Botnet Being Used to Malign More iCloud Security
Symantec, a security vendor, confirms the news of iCloud users being targeted with a botnet after the theft of photos of celebrities from their accounts of iCloud and leaking them online. Recently, there was a news of theft of nude photographs from the iCloud accounts of many female actresses and models by hackers and leaked some of them on public websites.
Symantec reported that the Kelihos, a renowned botnet is sending out bogus emails impersonating Apple informing users that they have bought the movie 'Lane Splitter' with their iTunes account with the help of a PC or some other device which was not connected with their Apple account before and urges them to give their ID details.
According to news published by computerworld.com on 8th September, 2014, the incident received so much media and online attention that CEO of Apple Tim Cook announced that the company will send security notifications to users via email and push messages whenever changes in iCloud account happen. Symantec said that the timing of the assault may not be mere coincidence.

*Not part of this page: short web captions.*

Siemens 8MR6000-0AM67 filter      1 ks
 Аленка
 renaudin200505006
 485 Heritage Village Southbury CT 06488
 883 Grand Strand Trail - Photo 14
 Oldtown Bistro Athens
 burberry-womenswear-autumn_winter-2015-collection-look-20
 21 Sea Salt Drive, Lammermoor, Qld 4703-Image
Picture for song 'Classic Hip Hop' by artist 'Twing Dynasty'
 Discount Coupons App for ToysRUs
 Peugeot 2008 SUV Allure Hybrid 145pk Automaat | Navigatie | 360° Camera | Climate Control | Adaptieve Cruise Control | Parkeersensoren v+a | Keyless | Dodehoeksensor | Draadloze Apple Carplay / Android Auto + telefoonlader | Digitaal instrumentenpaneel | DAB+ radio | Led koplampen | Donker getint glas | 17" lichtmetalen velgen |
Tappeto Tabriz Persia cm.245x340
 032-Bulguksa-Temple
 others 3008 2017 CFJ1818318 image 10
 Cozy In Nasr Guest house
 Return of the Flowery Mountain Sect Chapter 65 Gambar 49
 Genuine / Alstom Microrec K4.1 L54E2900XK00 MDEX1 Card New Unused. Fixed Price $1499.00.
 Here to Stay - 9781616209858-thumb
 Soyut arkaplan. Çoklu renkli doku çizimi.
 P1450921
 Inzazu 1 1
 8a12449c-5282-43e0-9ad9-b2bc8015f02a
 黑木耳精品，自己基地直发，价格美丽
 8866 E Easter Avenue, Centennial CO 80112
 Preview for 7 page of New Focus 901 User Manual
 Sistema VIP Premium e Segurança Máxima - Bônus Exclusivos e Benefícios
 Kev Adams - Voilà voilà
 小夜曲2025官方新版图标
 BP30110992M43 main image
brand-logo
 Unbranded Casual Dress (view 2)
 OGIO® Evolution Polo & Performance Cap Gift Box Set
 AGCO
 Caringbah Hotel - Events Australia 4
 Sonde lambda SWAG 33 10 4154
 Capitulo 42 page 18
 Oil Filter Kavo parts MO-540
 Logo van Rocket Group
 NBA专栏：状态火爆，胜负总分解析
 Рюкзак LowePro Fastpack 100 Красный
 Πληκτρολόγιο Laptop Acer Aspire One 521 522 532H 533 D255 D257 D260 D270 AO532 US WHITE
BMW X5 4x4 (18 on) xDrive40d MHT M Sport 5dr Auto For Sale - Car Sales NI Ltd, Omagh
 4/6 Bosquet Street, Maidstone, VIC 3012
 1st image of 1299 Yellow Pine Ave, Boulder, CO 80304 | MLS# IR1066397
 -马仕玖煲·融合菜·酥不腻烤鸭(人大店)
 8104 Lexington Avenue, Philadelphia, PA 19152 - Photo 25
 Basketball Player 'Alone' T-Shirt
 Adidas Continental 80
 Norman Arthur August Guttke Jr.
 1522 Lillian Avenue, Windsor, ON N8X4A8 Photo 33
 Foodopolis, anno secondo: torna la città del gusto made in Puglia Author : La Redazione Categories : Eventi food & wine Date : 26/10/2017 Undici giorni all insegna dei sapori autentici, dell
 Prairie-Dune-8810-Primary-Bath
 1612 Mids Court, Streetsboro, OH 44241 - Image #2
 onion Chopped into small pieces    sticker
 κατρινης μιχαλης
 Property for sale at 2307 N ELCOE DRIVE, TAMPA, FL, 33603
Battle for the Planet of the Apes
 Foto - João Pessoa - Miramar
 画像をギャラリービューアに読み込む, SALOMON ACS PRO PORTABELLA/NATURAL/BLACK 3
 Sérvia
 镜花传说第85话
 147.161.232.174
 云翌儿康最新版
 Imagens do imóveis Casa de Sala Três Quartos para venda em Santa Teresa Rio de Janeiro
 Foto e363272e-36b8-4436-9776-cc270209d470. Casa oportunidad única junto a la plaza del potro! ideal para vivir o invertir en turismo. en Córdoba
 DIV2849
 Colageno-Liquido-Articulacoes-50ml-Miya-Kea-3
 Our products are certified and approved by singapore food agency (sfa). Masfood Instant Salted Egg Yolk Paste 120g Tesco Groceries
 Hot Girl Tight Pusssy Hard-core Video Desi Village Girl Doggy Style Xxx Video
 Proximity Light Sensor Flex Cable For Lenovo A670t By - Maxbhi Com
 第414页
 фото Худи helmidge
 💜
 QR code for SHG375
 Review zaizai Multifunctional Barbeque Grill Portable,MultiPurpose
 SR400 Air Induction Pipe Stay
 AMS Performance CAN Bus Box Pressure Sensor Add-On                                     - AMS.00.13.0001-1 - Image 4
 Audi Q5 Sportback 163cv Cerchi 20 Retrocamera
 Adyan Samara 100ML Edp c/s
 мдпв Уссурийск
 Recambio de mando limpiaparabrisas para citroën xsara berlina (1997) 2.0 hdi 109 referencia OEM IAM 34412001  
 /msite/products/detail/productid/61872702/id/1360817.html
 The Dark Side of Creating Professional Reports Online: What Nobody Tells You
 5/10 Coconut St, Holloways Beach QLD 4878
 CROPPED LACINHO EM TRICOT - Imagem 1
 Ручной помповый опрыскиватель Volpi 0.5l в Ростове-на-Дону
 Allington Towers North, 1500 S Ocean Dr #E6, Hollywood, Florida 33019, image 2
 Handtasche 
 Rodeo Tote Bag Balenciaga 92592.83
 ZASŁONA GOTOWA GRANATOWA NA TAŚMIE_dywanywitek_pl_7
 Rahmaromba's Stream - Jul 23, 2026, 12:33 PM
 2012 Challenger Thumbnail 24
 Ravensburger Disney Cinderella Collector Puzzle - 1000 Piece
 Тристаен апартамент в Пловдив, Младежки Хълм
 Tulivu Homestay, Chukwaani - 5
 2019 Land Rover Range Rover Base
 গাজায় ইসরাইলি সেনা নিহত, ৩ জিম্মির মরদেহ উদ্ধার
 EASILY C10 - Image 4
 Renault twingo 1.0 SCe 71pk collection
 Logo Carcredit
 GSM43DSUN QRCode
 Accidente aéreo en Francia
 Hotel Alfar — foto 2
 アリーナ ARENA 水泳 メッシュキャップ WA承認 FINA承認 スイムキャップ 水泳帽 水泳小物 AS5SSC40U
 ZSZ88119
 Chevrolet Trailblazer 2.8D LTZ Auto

The controllers of botnet could exploit public fears about security of Apple IDs to lure people to surrender their credentials. Symantec noted that this isn't the first time Apple IDs have been attacked. Symantec said that the botnet sent the email includes an IP address apparently situated in Volgograd, Russia which asserted to have been employed to make the claimed purchase.
Users are advised to use two-step authentication for their Apple ID accounts to prevent unauthorized access to their accounts even when their usernames and passwords are compromised. Moreover, authors of Kelihos botnet are expert in exploiting current events.
For example, in August 2014, they launched a spam campaign encouraging Russian-speaking users to install a program on their computers which could be used in distributed denial-of-service (DDoS) attacks against websites of Western governments in response to the recent international sanctions against Russia. Later the security firm revealed that the spam emails actually linked to a variant of Kelihos malware and not a DDoS program.